Obama’s record on job production is weak at best, with few success stories to point to. Last week’s jobs report, reaching a dismal low not seen since 1945 with the economy failing to add a single job over a one-month period, was just the latest hammer to fall.

Adding fuel to the fire, Solyndra, a California based solar technology firm that the president once touted as a shining example of an emerging “green” economy, announced bankruptcy last week. Even $535 million in low interest loans – awarded through the federal stimulus program – could not keep the company running.
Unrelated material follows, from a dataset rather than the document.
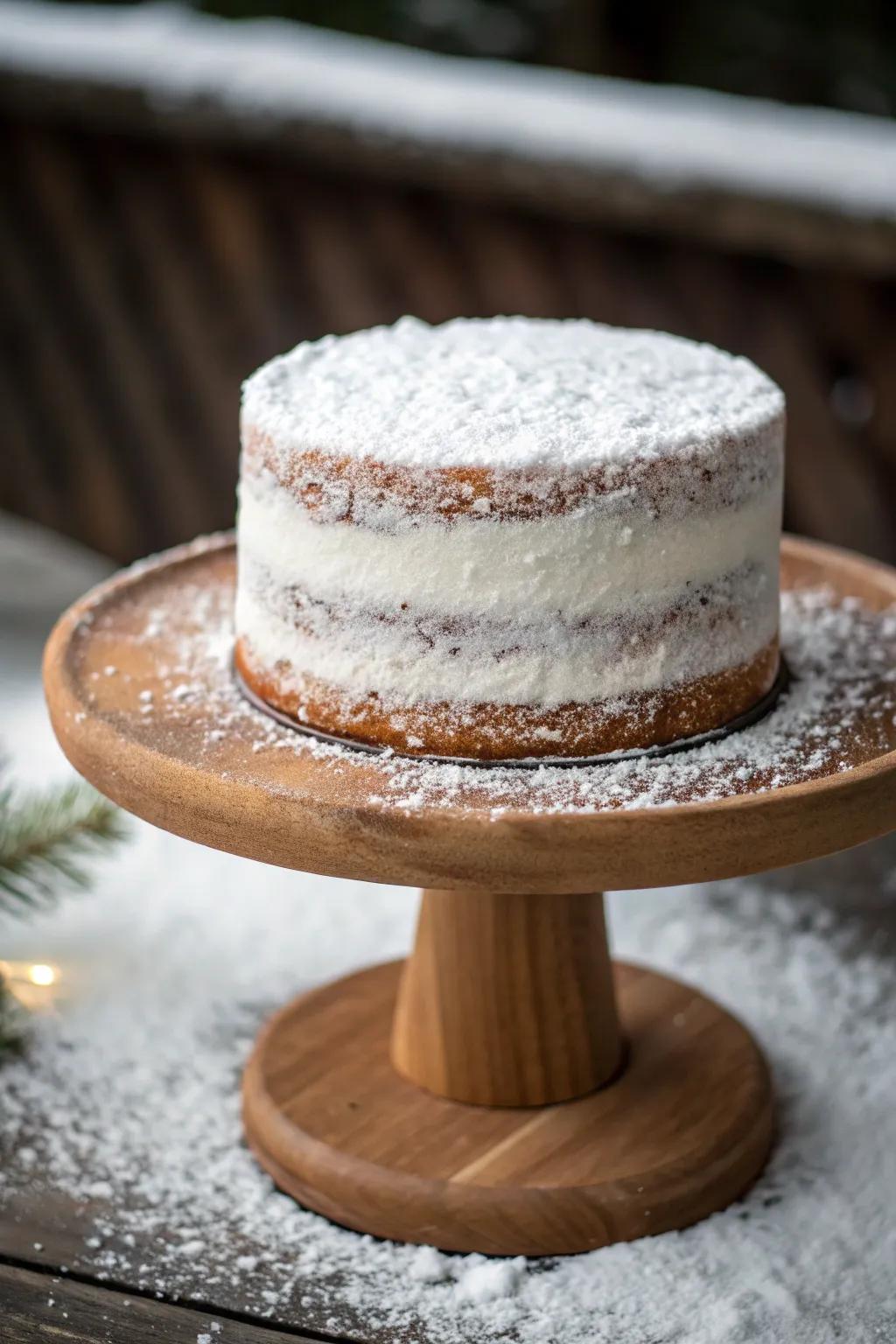A homespun bare cake with a snowy twist.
Solyndra is the third solar company to seek bankruptcy protection over the past month.

This latest “green jobs” failure is a clear example of how an economy built on profligate spending, government grants, and tax subsidized jobs can’t stand on its own — especially during a prolonged recession. While the president rhetorically promotes job growth, his policies are ironically adding to the unemployment line. In fact, the Obama Administration is one of the most regulating administrations in history. It is these regulations that are putting a dagger through the heart of economic recovery and growth.  And no speech is likely to change the outcomes.

While there is a long list of job killing regulations to choose from, consider just a few that are surely not going to be prominently featured in the president’s speech tomorrow night.

Big Labor Versus Boeing

In a recent Washington Post column, House Marjory Leader Eric Cantor noted the president’s silence as the National Labor Relations Board works to prevent Boeing from opening a plant in South Carolina. Despite the fact that such a plant would create thousands of jobs, Obama’s NLRB wants the company to stay put in heavily unionized Washington State where month-long strikes have stalled production.

Feds Retiring Tony the Tiger

The Interagency Working Group (IWG), tasked with studying the impact food marketing has on childhood obesity, is finalizing “voluntary” guidelines this month that would classify foods such as Cheerios, low-fat yogurt and even bottled water as unmarketable to children (a bittersweet departure for beloved mascots like Tony the Tiger).

Additionally, the Bernard Center Senior Fellow Crystal Wright argues that these proposed guidelines are yet another job-killer that could cost 74,000 jobs and cost $28.3 billion in the first year alone.  A recently released Heritage Foundation paper notes that the interagency working group itself concluded that the guidelines would result in a 20 percent reduction in ad expenditures that would in turn cause losses of $28.3 billion in manufacturing and retail sales and 378,000 jobs lost by 2015.

Obama’s DOJ Lawsuit against Phone Companies

Obama’s Justice Department just last week announced that it’s going to court to block AT&T’s efforts to buy T-Mobile. Obama says he’s all about creating more jobs, yet as Rep. Pete Sessions (R-Tex.) puts it, this latest move is a “continued assault on the American economy.” AT&T pledges to bring 5,000 call-center jobs back to the U.S. from other countries if the deal closes.  The DOJ lawsuit is just another roadblock in the road to economic recovery.

EPA: the 1000 Pound Economic Killer

As Forbes noted, Heritage Foundation Fellow Andrew Grossman has called out needless EPA regs that he says, “waste tens or hundreds of billions of dollars per year on environmental upgrades of dubious value [so] that money isn’t available to invest in business expansions or create jobs.  Higher costs also cut down on business investment — a factory that makes economic sense at a cost of $10 million may not when EPA regulations have jacked the cost up to $30 million.”

… These are merely a sampling of the bureaucratic brew of job-destructive regulations crafted by this administration, supposedly offered to help our struggling economy but in reality hindering job growth and adding to the economic stresses felt by millions across the nation. If the Obama Administration created as many jobs as they did job-killing regulations the poll numbers may read differently.

And this is one mess, President Obama cannot say he “inherited” from George W. Bush.

Update: The original version of this post wrongly indicated that the IWG was funded by stimulus money. In fact, it was part of the 2009 Omnibus Appropriations Act.